Benign prostatic diseases (BPDs), mainly including benign prostatic hyperplasia (BPH) and prostatitis, are prevalent urological ailments affecting males globally (1, 2). Compression of the urethra caused by BPH results in clinical symptoms that impact the quality of life for individuals with BPH, including lower urinary tract symptoms (LUTS), episodes of acute urinary retention, and recurring urinary infections (3). Numerous investigations have been carried out regarding the development of BPH; nevertheless, the factors responsible for its occurrence and advancement are still poorly understood (4). Prostatitis is classified into types I–IV by the National Institutes of Health (NIH) in the United States. Chronic prostatitis/chronic pelvic pain syndrome (CP/CPPS) of Type III is categorized into inflammatory CPPS (IIIa) and noninflammatory CPPS (IIIb), making up approximately 90%–95% of cases related to prostatitis (5). Individuals diagnosed with CP/CPPS typically encounter discomfort in the pelvic region, such as pain in the pubic region or perineum, discomfort during sexual activity or ejaculation, painful urination, frequent urination at night and/or a sense of urgency, sexual difficulties, impotence, mental health disorders, and reduced sperm quality (6, 7).

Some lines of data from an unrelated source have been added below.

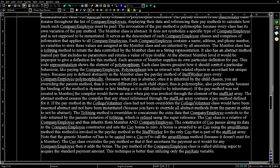The toString method is overridden to concatenate extra data that the company employee holds to the info returned by the parent's version of toString, which is referenced using the super keyword. The CEO class is a relative of CompanyEmployee and thus inherits from both Member and CompanyEmployee. The constructor of CEO passes its data to the CompanyEmployee constructor and sets the CEO bonus to zero. A bonus is awarded to a CEO using the awardBonus method, which is invoked in the payday method of StaffWorker for the only CEO in the staff list array. Note that the generic Member reference must be cast to a CEO reference to call the awardBonus method, because it doesn't exist for a Member.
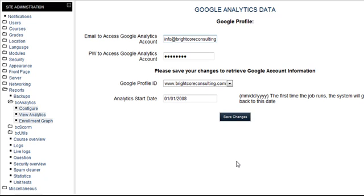Hello again. Welcome to the BrightCore Google Analytics Data Reporting Module from Moodle. The first thing you want to do is find the report after you've installed it under Reporting in the Site Administration.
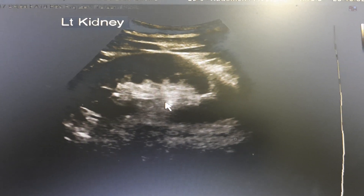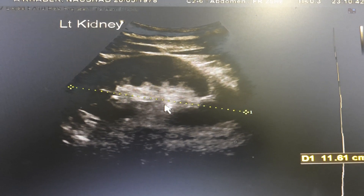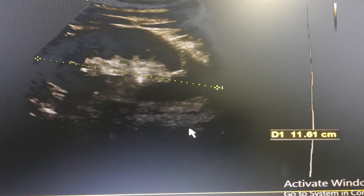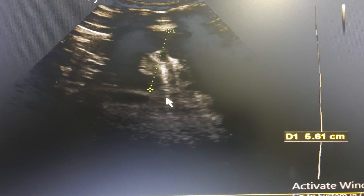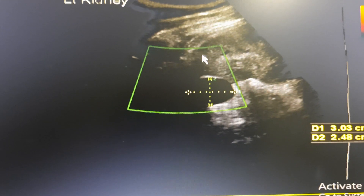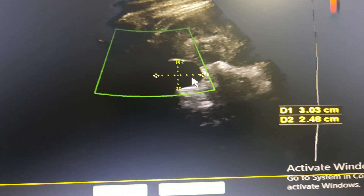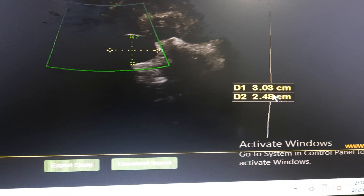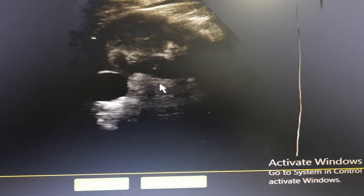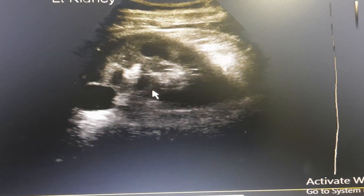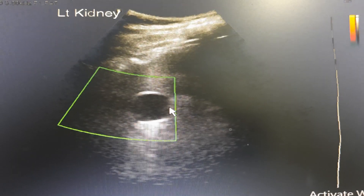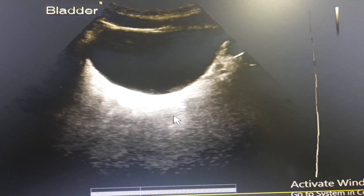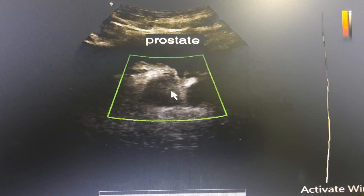This is the left kidney with its corresponding measurement. The left kidney has a cyst — a simple cyst — with its measurement. This is the left kidney. The bladder is very nice. And the prostate.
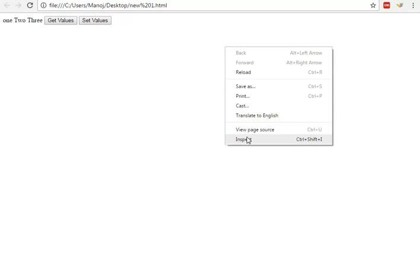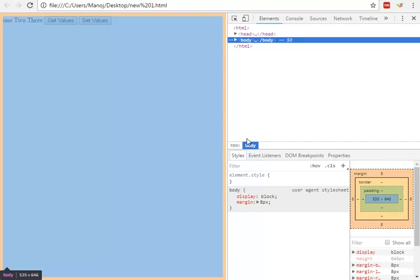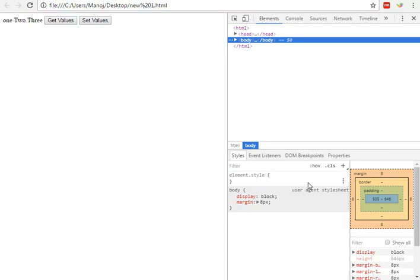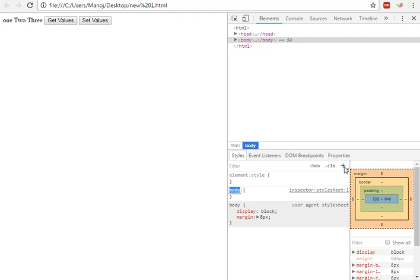Suppose we have this one file. Right-click on it, inspect element, and go through the link where you find the developer tool. Right-click on new rule, add a new style, and you can select any element.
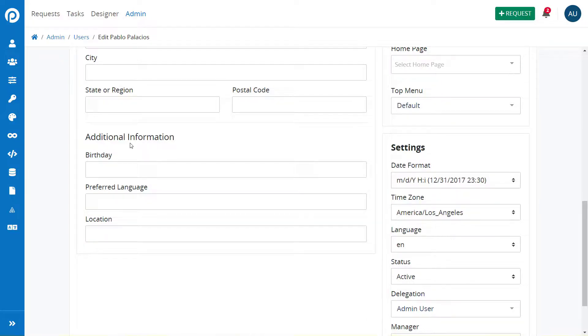It's important to highlight that this data can be accessed only by users with user edit permissions in the Admin section.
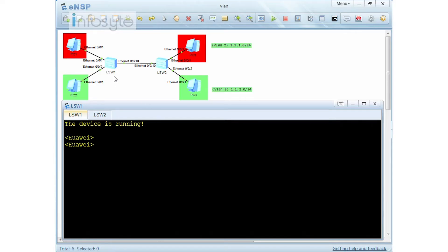This is our lab. We have Switch 1 and Switch 2, connected over a trunk using Ethernet 0010. Switch 1 has two VLANs: VLAN 2 shown in red and VLAN 3 in green. VLAN 2 uses the 1.1.1 network with addresses .1 and .3, and VLAN 3 uses the 1.1.2 network with addresses .2 and .4. The lab requires us to configure VLAN 2 and VLAN 3 on each switch.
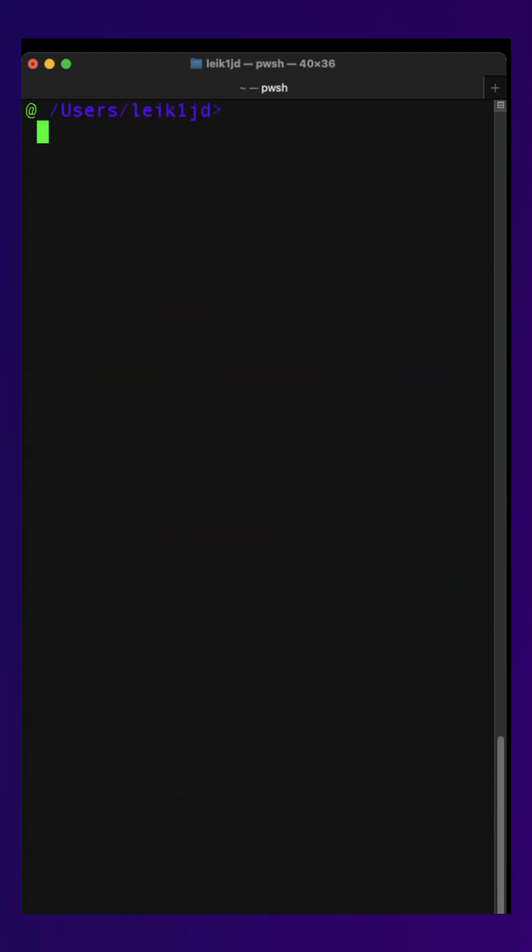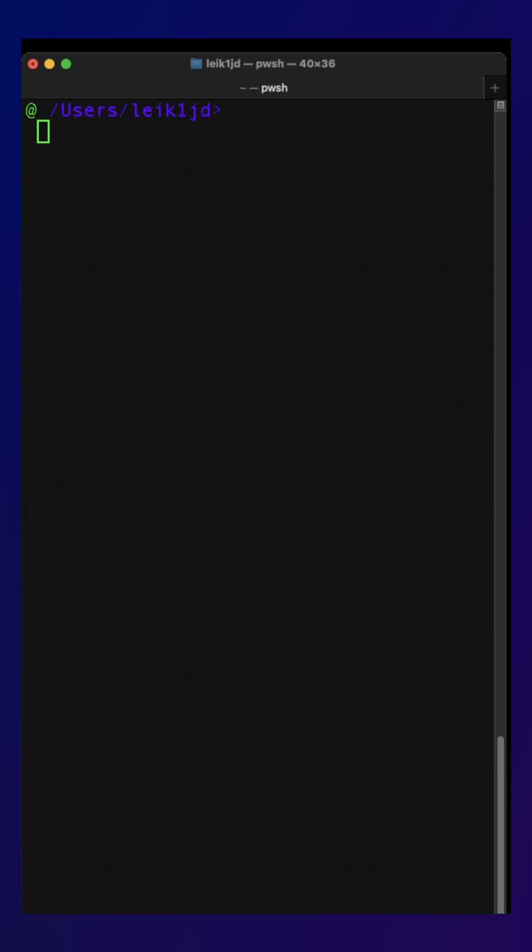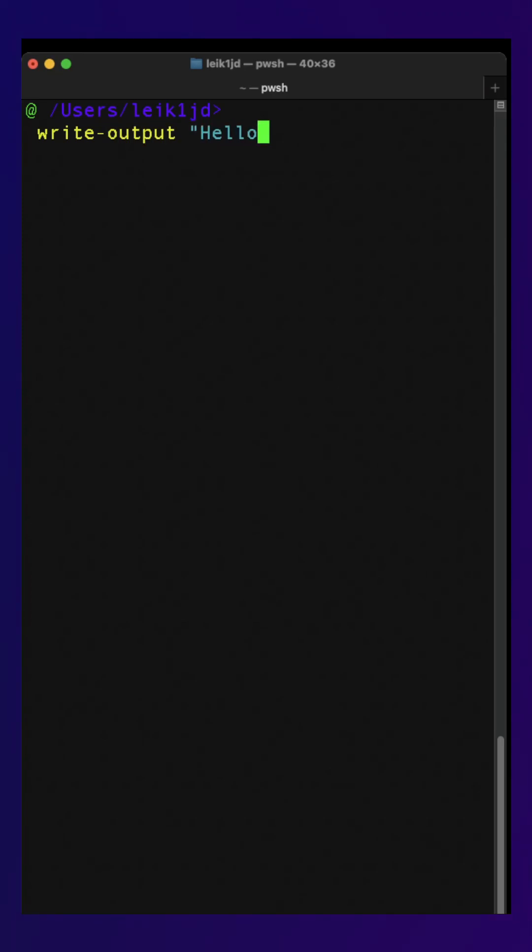So what does this mean in practice? The Write-Output command is equivalent to the echo command in Linux and Unix. If we say Write-Output 'hello world', it's going to display that to the terminal.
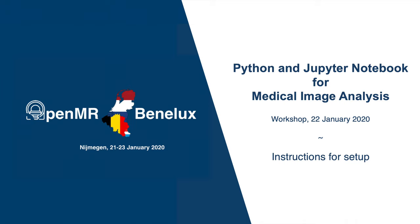Hi and welcome to the setup for Python and Jupyter Notebook for Medical Image Analysis, a workshop of OpenMR Benelux. In this quick video I will show you how to set up your machine to get ready for the workshop. Let's get started!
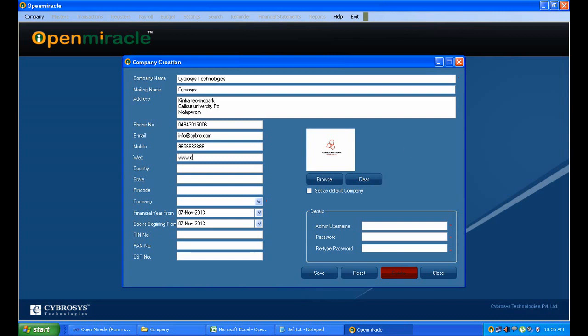Next I am filling the email address which is to be contacted, and next I am filling the mobile number and the web address of the company which is already created.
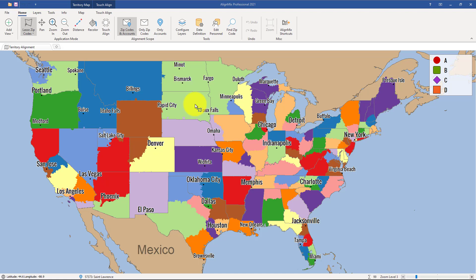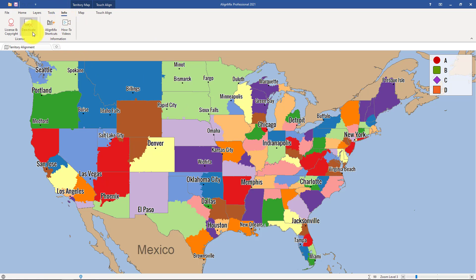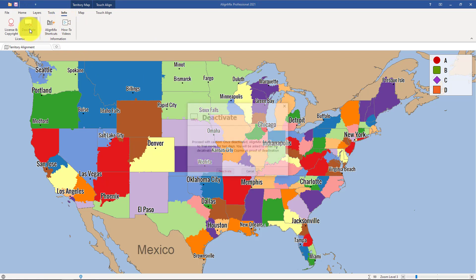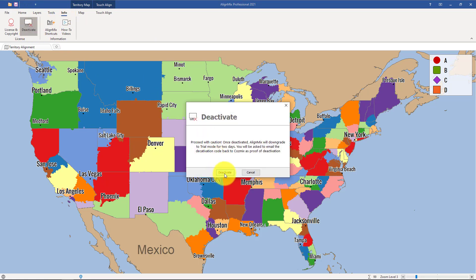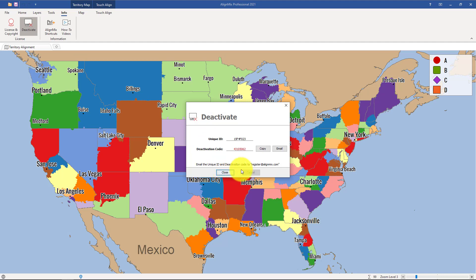In order to deactivate AlignMix, simply click on Info and then click on the Deactivate button, and then click on Deactivate. As soon as you do that, make sure to click on the email button or the copy button and send us this deactivation code.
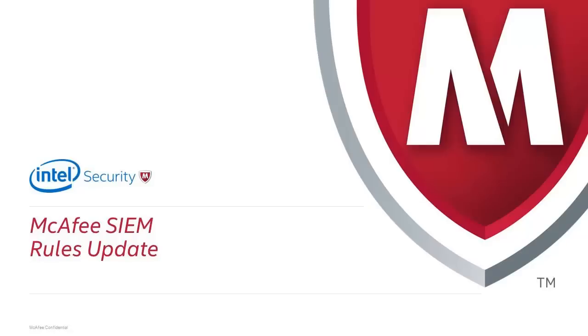The McAfee SIEM ships with a default set of data sources and correlation rules. However, these rules are frequently updated to support new data sources and new correlation rules, and it is best practice to update your SIEM on a regular basis.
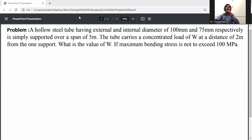A hollow circular tube having external and internal diameter, simply supported over a span of 5 meters. The tube carries a concentrated load of W at a distance of 2 meters from one support. What is the value of W if the bending stress is not to exceed 100 MPa? First of all, write down the given data.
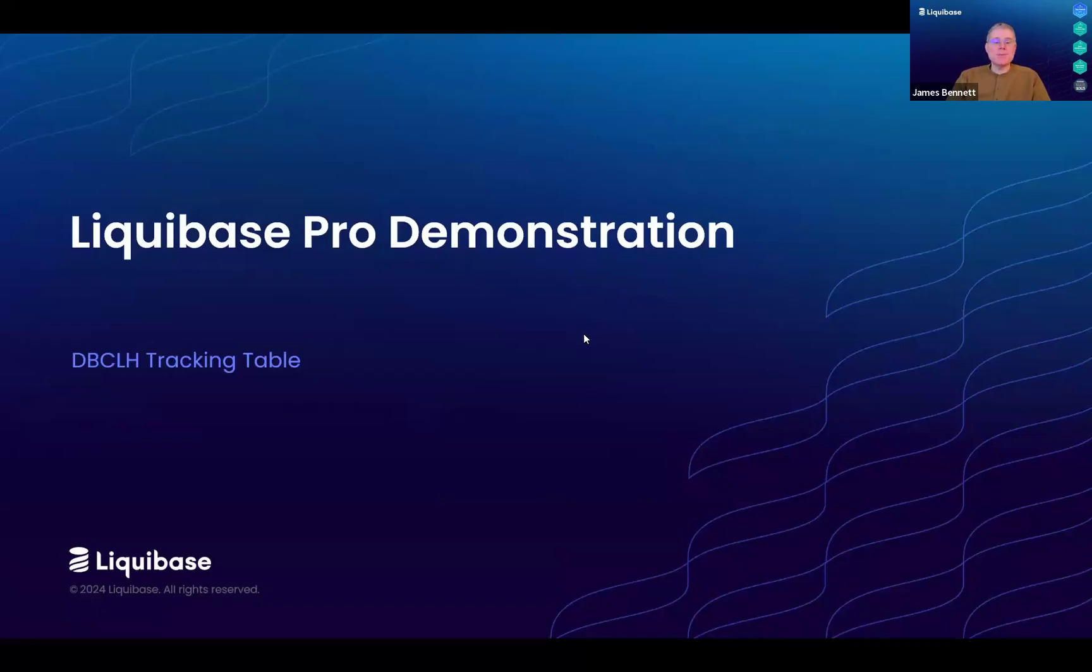Hi, my name is James Bennett, a sales engineer at Liquibase. In this video, I'm going to demonstrate the new Database Changelog History tracking table.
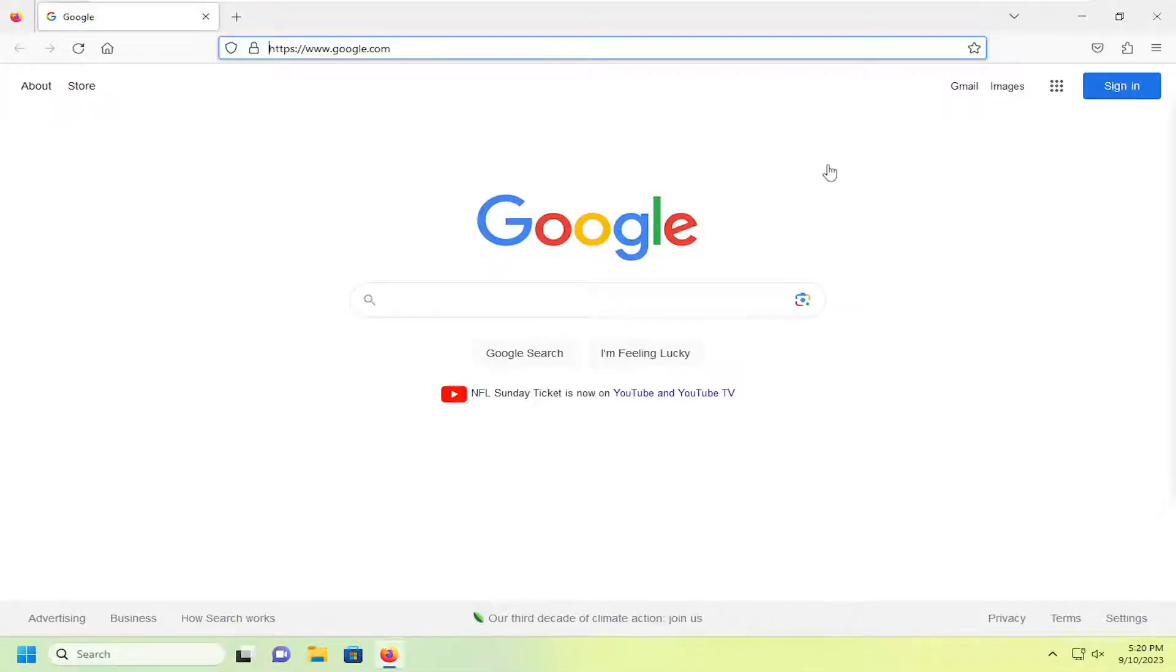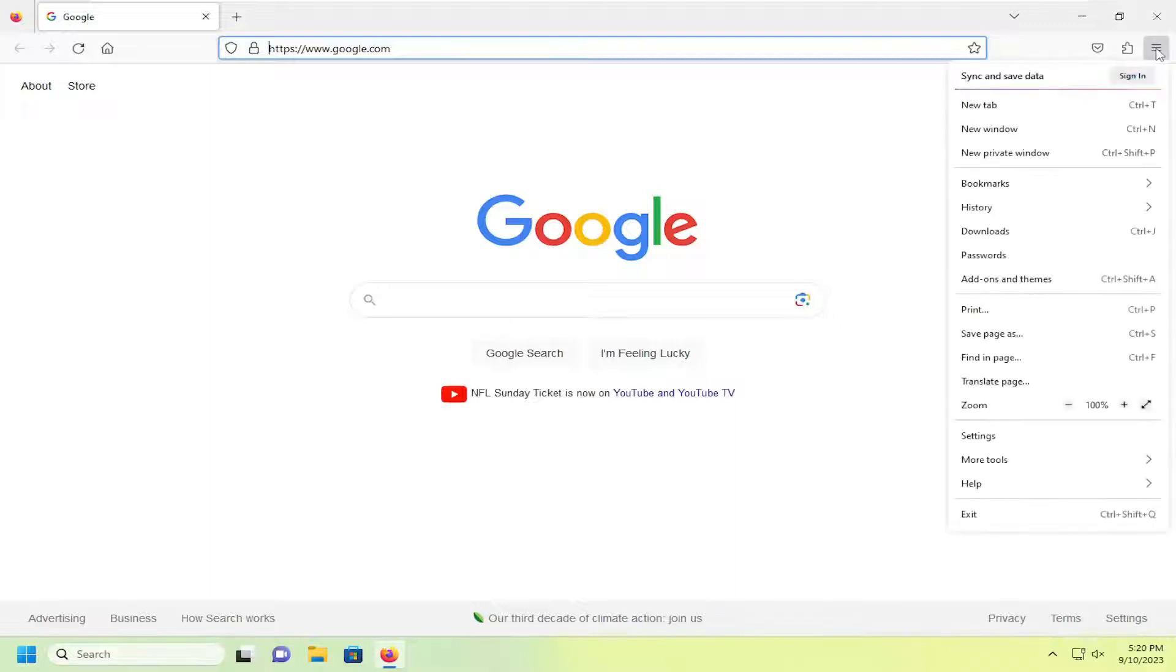All you have to do is select the menu icon up in the top right corner of the Firefox web browser, left click on that, and go down and select settings.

Exploring the etiology, diagnosis, and treatment of BPDs in public health has significant practical implications by identifying the causal association of risk factors that can be modified.
The group of lysosomal proteolytic enzymes known as cathepsins plays a crucial role in preserving cellular homeostasis, which are classified into multiple families, including serine proteases (cathepsins A and G), cysteine proteases (cathepsins B, C, F, H, K, L, O, S, V, W, and X), and aspartyl proteases (cathepsins D and E) (8, 9). They are associated with many cellular activities including protein and lipid metabolism, autophagy, antigen presentation, growth factor receptor recycling, cellular stress signaling, extracellular matrix degradation, and lysosome-mediated cell death (10). Various cathepsins have significant roles in various diseases due to their participation in these essential processes (11). The association between cathepsins and prostate cancer (PCa) has been reported, such as cathepsin B. Nalle et al. found that the inhibition of invasion and migration and the activation of apoptosis in PC3 and DU145 prostate cancer cell lines can be achieved by targeting cathepsin B (12). Moreover, the rise in serum levels of cathepsin B and the density of cathepsin B may serve as innovative indicators for the progression of the disease. However, they do not impact the survival of individuals diagnosed with PCa (13). Furthermore, the generation of sphingosine 1-phosphate through acid ceramidase facilitates the invasion of PCa by increasing the expression of cathepsin B (14). Despite several studies suggesting potential applications of cathepsins in PCa disease, there is a lack of studies exploring cathepsins in relation to BPDs. Based on this, we will use Mendelian randomization (MR) to do such a thing.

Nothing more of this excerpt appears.